What state diagrams do not show are typical paths through the state space as the system is used, nor are they effective at showing how collaborations of objects interact. Such interactions are captured as scenarios. Scenarios may not visit all states in all the participant objects nor activate all transitions, but they provide an order-dependent view of how the set of objects is expected to behave under some set of conditions with a specific ordering of external and internal stimuli. Because a scenario does not have enough information to fully define the complete behavioral model of an object, scenarios are said to be partially constructive. They can add operations and event handling to a state model, but they do not fully define the model.

There are two methods for showing scenarios that are particularly useful in real-time systems. The primary notational form for scenarios is the sequence diagram, which shows order but not strict timing. The second is the timing diagram, which is best used when strict timing must be shown. There is a third, the diagram formerly known as a collaboration diagram but in UML 2.0 called a communication diagram. A communication diagram is basically an object diagram showing the message sequences as being attached to the links between the objects and indicating ordering with numbers on the messages. This last form is used rather infrequently and so will not be discussed here.

7.3.1 Sequence Diagrams

Sequence diagrams are (by far) the more common way to show scenarios, as discussed earlier in this book. Sequence diagrams use vertical lines to represent the objects participating in the scenario and horizontal directed lines to represent the messages sent from one object to another. Time flows from top to bottom; that is, messages shown lower on the page take place later than ones above it. The basic syntax and semantics of sequence diagrams have been discussed in Chapter 3. The focus in this section is to discuss how sequence diagrams may be usefully employed in the constructions of analysis object models.
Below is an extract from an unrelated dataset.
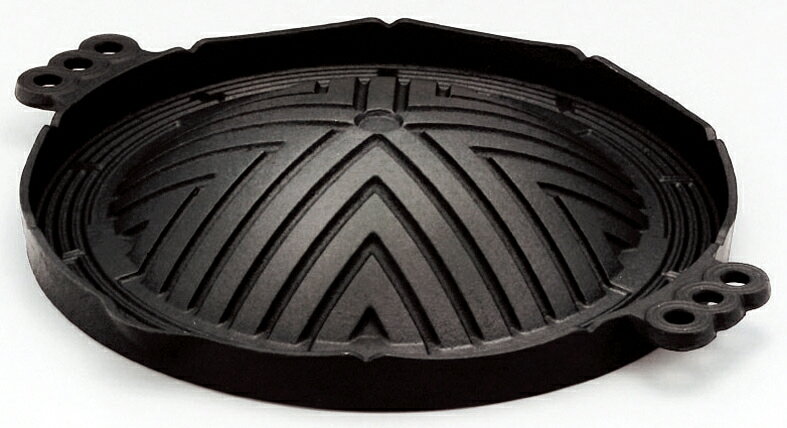 池永鉄工 ジンギスカン鍋　浅型　29cm ジンギスカンナベアサガタ29 [ジンギスカンナベアサガタ29]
Sequence diagrams are representations of specific interactions among the elements of a collaboration. They only tell a part of the story (what happened in this particular case) and not what always must happen (a specification). As such, sequence diagrams are a way to detail a use case. The sequence diagram helps to capture the operational perspective of a set of elements, such as a system, and the actors with which it interacts, or a set of elements inside a system. As we construct our object analysis model, we can use sequence diagrams to capture how the elements in the object analysis model interact to achieve the higher-level interaction described in the use case scenario.

The other use of sequence diagrams has to do with validation, the use of sequence diagrams as either a debugging tool or as a test vector.

7.3.1.1 CardioNada Scenarios Example

It would be useful to look at the interaction of the instances in the pacemaker model. In a real development project we would create many sequence diagrams. Some of these sequence diagrams would be for the communications with sending and receiving messages, with and without errors. Other sequence diagrams would show the interactions necessary to achieve the pacing behavior, most likely several in each of the pacing modes. Still other sequence diagrams would depict the interaction of the communications and the pacing system to show how the programmer sets and queries the pacing modes and parameters. In this chapter, we are going to focus on pacing in AAI.

In this case, I am going to use the executability characteristics of the Rhapsody tool to both drive and monitor the execution of the model. First, to help drive the model, I will create a statechart for the Heart Chamber actor. We call this "instrumenting the actor" because we are creating executable behavior for the actor to help us explore how the objects inside the system interact to make sure that we got it right. This is almost exactly the same process as creating the «test buddy» class we saw previously in the calculator example. It differs in a couple of important ways. First, the actor is outside the scope of the pacing subsystem so we can't rely on the pacing subsystem to connect the actor with the parts of the subsystem automatically we'll have to do that ourselves. Secondly, instrumenting the actor is less obtrusive in the model of the system, since the actor must use the specified interfaces and services. The statechart for the actor is shown in Figure 7-22.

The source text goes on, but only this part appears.